Como se puede comprender con facilidad, el tema del racismo es bastante complejo. Pero esta semana pasada hemos visto que numerosos periodistas y dirigentes futbolísticos, no muy leídos, por cierto, se han despachado a gusto contra la afición del Valencia por los insultos al jugador rival Vinicius, ciertamente de mal gusto y xenófobos, de un ¿reducido? grupo de animadores juveniles. Como en la novela de Wolfe, el pensamiento «correcto» se ha cebado en el valencianismo, y las críticas han llegado a movilizar a muchos brasileños (no amazónicos) e, incluso, ha dado para una respuesta desinformada de la ONU.

Desde luego, nunca justificaremos tales manifestaciones, pero resulta insostenible tildar a los valencianistas y valencianos de racistas. Pero visto que en Madrid abrazan la causa antiesclavista, que olvidan los tiempos de sus ultrasur o el pensamiento abiertamente reaccionario de sus rivales colchoneros, ejemplarizados en el valleinclanesco personaje de Torrente creado por Santiago Segura, lo que sí conviene recordar es que el fútbol se ha convertido en uno de los reductos del tribalismo, y que fruto de tales recurrencias es la sinfonía de insultos y barbaridades que se pueden proferir en las gradas de los estadios.

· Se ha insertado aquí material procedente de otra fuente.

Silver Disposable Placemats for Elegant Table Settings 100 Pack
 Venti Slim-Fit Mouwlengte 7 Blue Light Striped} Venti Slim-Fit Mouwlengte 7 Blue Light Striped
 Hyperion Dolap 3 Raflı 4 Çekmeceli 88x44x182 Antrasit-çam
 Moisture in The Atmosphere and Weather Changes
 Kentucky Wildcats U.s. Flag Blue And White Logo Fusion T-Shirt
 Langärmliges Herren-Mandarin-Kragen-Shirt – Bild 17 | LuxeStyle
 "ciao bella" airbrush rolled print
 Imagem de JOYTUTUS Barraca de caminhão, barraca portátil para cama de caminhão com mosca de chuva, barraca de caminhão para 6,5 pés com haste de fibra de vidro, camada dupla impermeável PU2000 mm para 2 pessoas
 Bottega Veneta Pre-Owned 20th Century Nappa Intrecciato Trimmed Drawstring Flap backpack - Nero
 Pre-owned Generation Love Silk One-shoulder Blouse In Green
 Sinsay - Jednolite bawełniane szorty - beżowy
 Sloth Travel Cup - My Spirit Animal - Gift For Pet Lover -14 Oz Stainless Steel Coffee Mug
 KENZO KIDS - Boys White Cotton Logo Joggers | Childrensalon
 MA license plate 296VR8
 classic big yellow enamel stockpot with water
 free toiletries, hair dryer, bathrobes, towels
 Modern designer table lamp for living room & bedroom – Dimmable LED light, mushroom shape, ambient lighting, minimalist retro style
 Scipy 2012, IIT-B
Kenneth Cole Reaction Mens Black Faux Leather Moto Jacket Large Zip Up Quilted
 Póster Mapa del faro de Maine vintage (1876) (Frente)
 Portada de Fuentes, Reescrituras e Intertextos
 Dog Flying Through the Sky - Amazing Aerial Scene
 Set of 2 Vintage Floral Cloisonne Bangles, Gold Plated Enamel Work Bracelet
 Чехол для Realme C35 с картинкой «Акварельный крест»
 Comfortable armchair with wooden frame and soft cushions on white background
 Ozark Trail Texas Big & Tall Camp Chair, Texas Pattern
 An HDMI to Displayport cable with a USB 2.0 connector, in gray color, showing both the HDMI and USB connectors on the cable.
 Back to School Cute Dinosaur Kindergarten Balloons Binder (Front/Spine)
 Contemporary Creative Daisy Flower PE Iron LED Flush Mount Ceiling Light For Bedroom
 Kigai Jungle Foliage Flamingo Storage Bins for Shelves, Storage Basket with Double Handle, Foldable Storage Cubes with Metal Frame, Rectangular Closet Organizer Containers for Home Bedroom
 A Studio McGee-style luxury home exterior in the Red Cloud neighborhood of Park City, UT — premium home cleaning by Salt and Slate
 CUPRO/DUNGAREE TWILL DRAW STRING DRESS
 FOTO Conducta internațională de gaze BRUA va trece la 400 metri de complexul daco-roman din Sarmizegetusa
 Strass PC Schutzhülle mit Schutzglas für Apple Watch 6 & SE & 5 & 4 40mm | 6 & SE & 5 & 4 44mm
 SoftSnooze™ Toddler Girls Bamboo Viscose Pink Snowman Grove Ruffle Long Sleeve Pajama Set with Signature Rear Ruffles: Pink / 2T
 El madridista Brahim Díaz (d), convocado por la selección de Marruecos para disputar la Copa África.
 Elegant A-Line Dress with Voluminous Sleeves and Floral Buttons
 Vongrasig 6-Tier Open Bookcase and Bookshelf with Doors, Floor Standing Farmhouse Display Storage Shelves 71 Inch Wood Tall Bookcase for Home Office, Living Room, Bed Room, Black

Ocurre en toda España y en otros países mediterráneos de sangre caliente como Italia, Grecia o Turquía, pero también en la gélida Rusia o en las civilizadas Holanda o Inglaterra. En todas partes cuecen habas. Muchos clubes han tenido que disolver sus grupos de animación juvenil por el caldo de cultivo parafascista de los mismos. Otros son más laxos. Algunos han acercado las gradas al campo de juego para que la presión anímica sobre los jugadores visitantes sea mayor. Y ahora ya no hay vallas que contengan a las masas para que no mueran aplastadas como en Heysel (1985), el estadio de Bruselas, capital europea. La dirigencia futbolística debe aclararse en este punto: ¿quieren animaciones que predisponen a la violencia, aunque solo sea verbal, o desean una afición familiar que come bocadillos y pipas mientras se desarrolla el partido?

En Mestalla se oyó un intolerable «mono, mono». Lo oyó Vinicius, desde luego, a menos de dos metros. En Barcelona le echaron la cabeza de un cerdo a Laudrup, en Madrid inventaron a los ultras y gritaban «maricón» a un conocido entrenador rival. Los pobres del Rayo son resilientes, se corean a sí mismos cuando visitan a sus rivales poderosos de Madrid: «vallecanos, yonquis y gitanos». Pero nada más cruel y reprobable como la tonadilla que inventaron los maledicentes aficionados béticos para un delantero suyo, un maltratador condenado, Rubén Castro: «no fue tu culpa, era una p…, lo hiciste bien». Terrible.